Rather than boycott President Trump’s address to a joint session of Congress, some Democratic lawmakers are inviting former federal workers to the speech on Tuesday as a way to protest the mass firings and funding cuts that have defined Mr. Trump’s first month back in office.
Federal workers’ treatment by Elon Musk’s Department of Government Efficiency has energized constituents across the country in recent weeks, with many overloading lawmakers’ phone lines and showing up at town halls to voice their displeasure.
“What the Democrats are showing with our guests is that it’s the American people who are being hurt by the actions of Elon Musk and Donald Trump,” said Representative Brad Schneider, Democrat of Illinois. Mr. Schneider said he chose not to skip the address — other Democrats such as Senator Chris Murphy of Connecticut have said they won’t attend — so that the president “didn’t get a free pass” and would see the effects his administration has had on people.
When asked for comment, a White House spokesman, Harrison Fields, said Democrats were “exploiting the American people for political points.”
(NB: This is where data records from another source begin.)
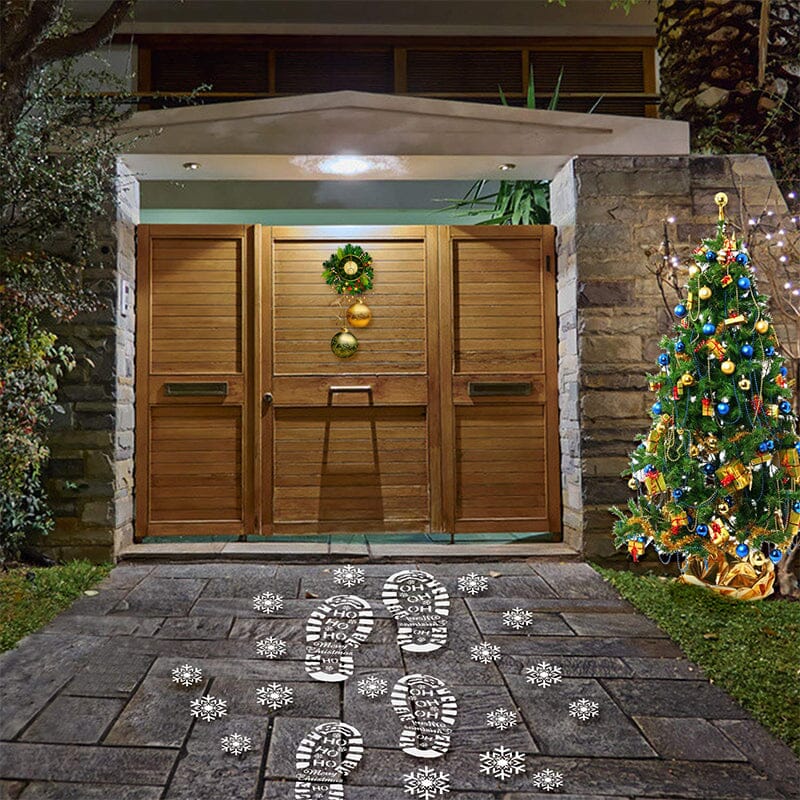 SAKER® Santa Footprints Floor Templates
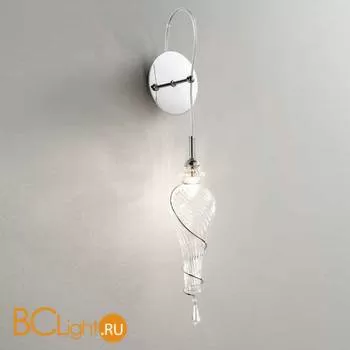 Бра Renzo Del Ventisette Ohlala A14558/1 CC DEC. cromo con CRISTALLO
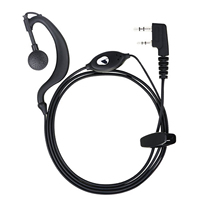 New Walkie Talkie Headset Earphone K-Plug Wired Two Way Ham Radio Earpiece For Baofeng BF-888S UV5R UV82 UV16 UV17 Walkie Talkie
Mr. Schneider’s guest, Adam Mulvey, is a 20-year Army veteran who in February was terminated from his role as an emergency management specialist at a federal health center in North Chicago that serves both veteran and active-duty personnel.
Also invited to the address is Gabriel D’Alatri, a Marine Corps veteran and former Internal Revenue Service project manager from Connecticut who was fired just five days before he completed his probationary period. Mr. D’Alatri said his termination letter indicated that he was fired for “performance issues” even though he never had a bad performance review.
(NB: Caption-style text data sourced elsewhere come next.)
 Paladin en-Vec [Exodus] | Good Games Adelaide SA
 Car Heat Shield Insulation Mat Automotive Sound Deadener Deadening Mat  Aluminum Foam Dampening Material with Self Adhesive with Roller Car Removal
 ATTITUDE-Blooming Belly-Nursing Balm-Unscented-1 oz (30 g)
“It came as a shock to me and my family,” said Mr. D’Alatri, who will attend Mr. Trump’s address as a guest of his congressman, Representative Joe Courtney, Democrat of Connecticut. As an I.R.S. project manager, Mr. D’Alatri managed the department’s facilities in Connecticut and also coordinated reasonable accommodation requests for employees with disabilities. Mr. D’Alatri said that he voted for Mr. Trump in November and that it was too early to decide whether or not he regretted his choice.
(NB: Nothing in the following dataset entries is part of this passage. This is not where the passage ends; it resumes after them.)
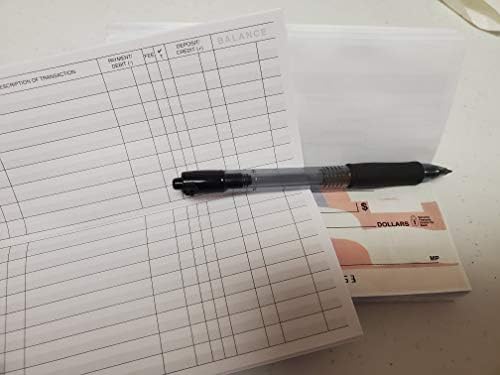 Checkbook Register, Made in The USA, Check Registers for Personal, Blank Ledger Transaction Registers for Personal or Business Bank, Check Register Book (23-24-25 Calendars, 10)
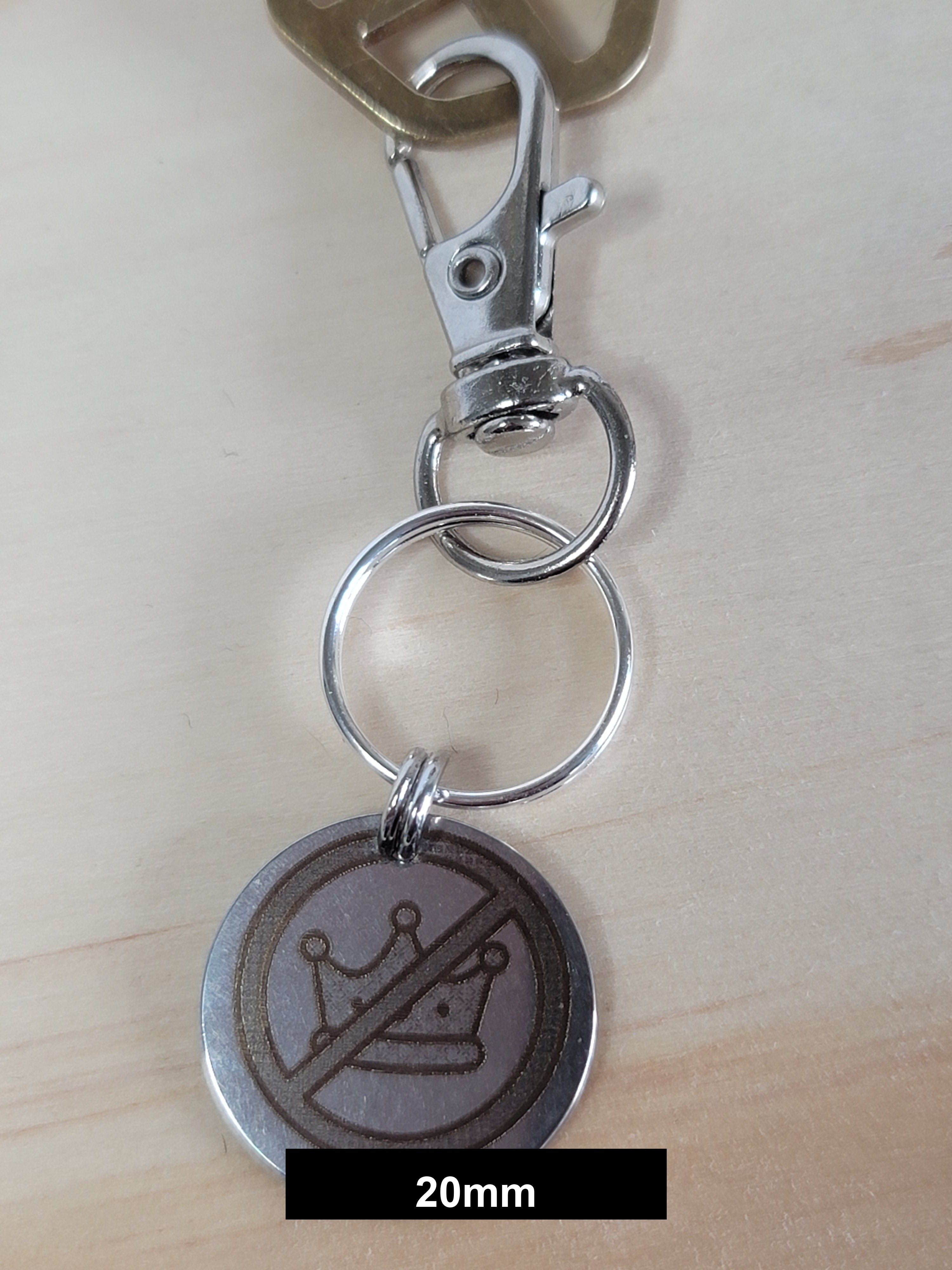Pro-Democracy Engraved Fob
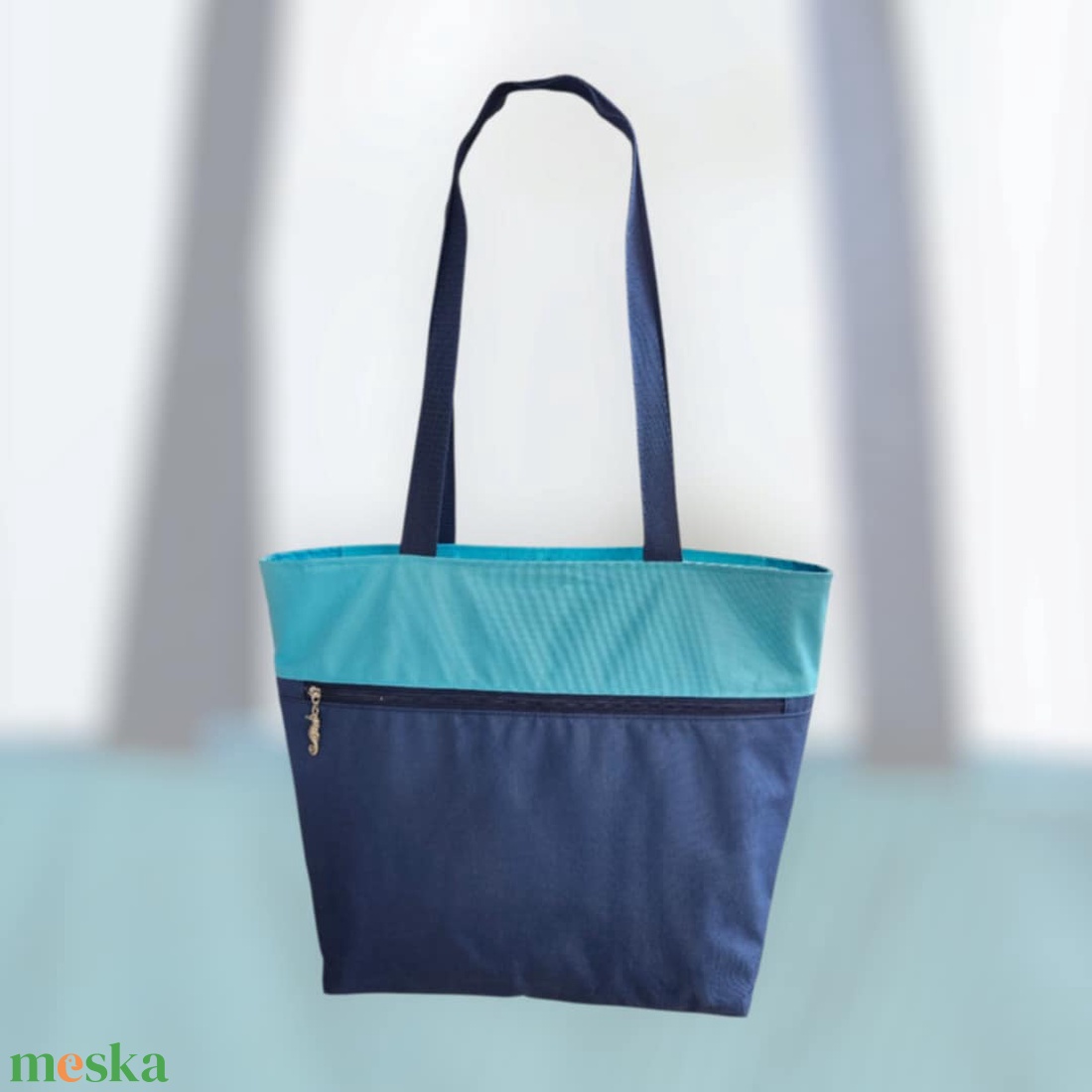 Vízálló strandtáska/fitnesz táska/shopper rögzíthető pénztárcával - táska & tok - kézitáska & válltáska - nagy pakolós táska - Meska.hu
Mr. Courtney said his constituent’s story was an example of how “indiscriminate and mindless” the Trump administration’s cuts had been.
Mr. D’Alatri said he hoped that by sharing his story and attending the address, the Trump administration would sign an executive order to rehire all veterans who were on probation and fired en masse.
“I like to think that veterans are a nonpolitical issue,” Mr. D’Alatri said. “For us to be thrown to the side like that, I wasn’t expecting that to happen.”
Senator Chuck Schumer, Democrat of New York and the minority leader, has invited Alissa Ellman, a disabled Army veteran who served in Afghanistan. Mr. Schumer said she was recently fired from her job at the Veterans Affairs Department in Buffalo.
“This is not how you treat our veterans — it’s not just unacceptable, it’s un-American,” Mr. Schumer said in a statement. “Jobs and care for our veterans in Upstate New York is not government waste.”
Representative Chrissy Houlahan, Democrat of Pennsylvania, invited Jessica Malarik Fair, a constituent who was an architect at Valley Forge National Park tasked with restoring George Washington’s office in preparation for the country’s 250th anniversary next year.
“I hope people will understand that these are actual human beings and not just numbers that we can sort of strike arbitrarily,” said Ms. Houlahan, “and that they represent work that will no longer happen on behalf of all of us.”
Ms. Malarik Fair, who also lost her job last month in the firing of probationary employees, hopes she can be one more face to humanize the federal work force for Americans.
“I’m proud of the work that I was doing there, and I’m anything but corrupt or lazy,” she said.